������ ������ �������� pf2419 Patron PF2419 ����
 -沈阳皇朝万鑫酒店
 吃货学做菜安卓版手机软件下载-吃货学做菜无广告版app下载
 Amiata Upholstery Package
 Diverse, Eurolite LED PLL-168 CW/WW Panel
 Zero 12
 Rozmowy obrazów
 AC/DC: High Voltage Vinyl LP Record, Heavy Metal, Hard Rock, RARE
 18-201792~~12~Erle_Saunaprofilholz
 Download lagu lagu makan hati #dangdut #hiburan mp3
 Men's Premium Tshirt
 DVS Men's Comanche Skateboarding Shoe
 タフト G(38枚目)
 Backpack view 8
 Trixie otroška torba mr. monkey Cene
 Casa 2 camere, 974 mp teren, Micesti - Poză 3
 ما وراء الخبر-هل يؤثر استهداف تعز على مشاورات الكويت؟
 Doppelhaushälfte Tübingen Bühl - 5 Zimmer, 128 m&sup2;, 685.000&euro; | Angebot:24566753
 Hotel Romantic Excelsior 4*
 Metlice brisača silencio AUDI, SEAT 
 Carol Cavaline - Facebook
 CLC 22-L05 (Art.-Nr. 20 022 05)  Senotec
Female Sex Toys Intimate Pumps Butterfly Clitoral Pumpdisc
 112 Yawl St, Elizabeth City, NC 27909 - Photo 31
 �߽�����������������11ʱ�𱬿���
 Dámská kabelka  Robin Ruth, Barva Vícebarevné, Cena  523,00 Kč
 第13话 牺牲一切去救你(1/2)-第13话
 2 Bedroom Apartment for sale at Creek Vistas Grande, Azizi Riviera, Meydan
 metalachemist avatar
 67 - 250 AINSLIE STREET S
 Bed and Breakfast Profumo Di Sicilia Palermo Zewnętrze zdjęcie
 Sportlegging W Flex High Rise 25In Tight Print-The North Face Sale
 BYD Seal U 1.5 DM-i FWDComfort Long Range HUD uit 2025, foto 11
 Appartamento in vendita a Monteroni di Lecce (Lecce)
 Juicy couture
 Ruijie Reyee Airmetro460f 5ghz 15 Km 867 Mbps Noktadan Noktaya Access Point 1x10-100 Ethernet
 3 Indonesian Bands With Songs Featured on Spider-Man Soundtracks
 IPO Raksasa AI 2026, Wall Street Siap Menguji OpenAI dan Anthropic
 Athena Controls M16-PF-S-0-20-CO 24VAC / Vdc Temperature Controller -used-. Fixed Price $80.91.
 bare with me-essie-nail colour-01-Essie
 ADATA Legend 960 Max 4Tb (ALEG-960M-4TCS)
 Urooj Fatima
======
▶ _What this task involves_
The lines above should be printed again, exactly as they are.

▶ _Task response_
������ ������ �������� pf2419 Patron PF2419 ����
 -沈阳皇朝万鑫酒店
 吃货学做菜安卓版手机软件下载-吃货学做菜无广告版app下载
 Amiata Upholstery Package
 Diverse, Eurolite LED PLL-168 CW/WW Panel
 Zero 12
 Rozmowy obrazów
 AC/DC: High Voltage Vinyl LP Record, Heavy Metal, Hard Rock, RARE
 18-201792~~12~Erle_Saunaprofilholz
 Download lagu lagu makan hati #dangdut #hiburan mp3
 Men's Premium Tshirt
 DVS Men's Comanche Skateboarding Shoe
 タフト G(38枚目)
 Backpack view 8
 Trixie otroška torba mr. monkey Cene
 Casa 2 camere, 974 mp teren, Micesti - Poză 3
 ما وراء الخبر-هل يؤثر استهداف تعز على مشاورات الكويت؟
 Doppelhaushälfte Tübingen Bühl - 5 Zimmer, 128 m&sup2;, 685.000&euro; | Angebot:24566753
 Hotel Romantic Excelsior 4*
 Metlice brisača silencio AUDI, SEAT 
 Carol Cavaline - Facebook
 CLC 22-L05 (Art.-Nr. 20 022 05)  Senotec
Female Sex Toys Intimate Pumps Butterfly Clitoral Pumpdisc
 112 Yawl St, Elizabeth City, NC 27909 - Photo 31
 �߽�����������������11ʱ�𱬿���
 Dámská kabelka  Robin Ruth, Barva Vícebarevné, Cena  523,00 Kč
 第13话 牺牲一切去救你(1/2)-第13话
 2 Bedroom Apartment for sale at Creek Vistas Grande, Azizi Riviera, Meydan
 metalachemist avatar
 67 - 250 AINSLIE STREET S
 Bed and Breakfast Profumo Di Sicilia Palermo Zewnętrze zdjęcie
 Sportlegging W Flex High Rise 25In Tight Print-The North Face Sale
 BYD Seal U 1.5 DM-i FWDComfort Long Range HUD uit 2025, foto 11
 Appartamento in vendita a Monteroni di Lecce (Lecce)
 Juicy couture
 Ruijie Reyee Airmetro460f 5ghz 15 Km 867 Mbps Noktadan Noktaya Access Point 1x10-100 Ethernet
 3 Indonesian Bands With Songs Featured on Spider-Man Soundtracks
 IPO Raksasa AI 2026, Wall Street Siap Menguji OpenAI dan Anthropic
 Athena Controls M16-PF-S-0-20-CO 24VAC / Vdc Temperature Controller -used-. Fixed Price $80.91.
 bare with me-essie-nail colour-01-Essie
 ADATA Legend 960 Max 4Tb (ALEG-960M-4TCS)
 Urooj Fatima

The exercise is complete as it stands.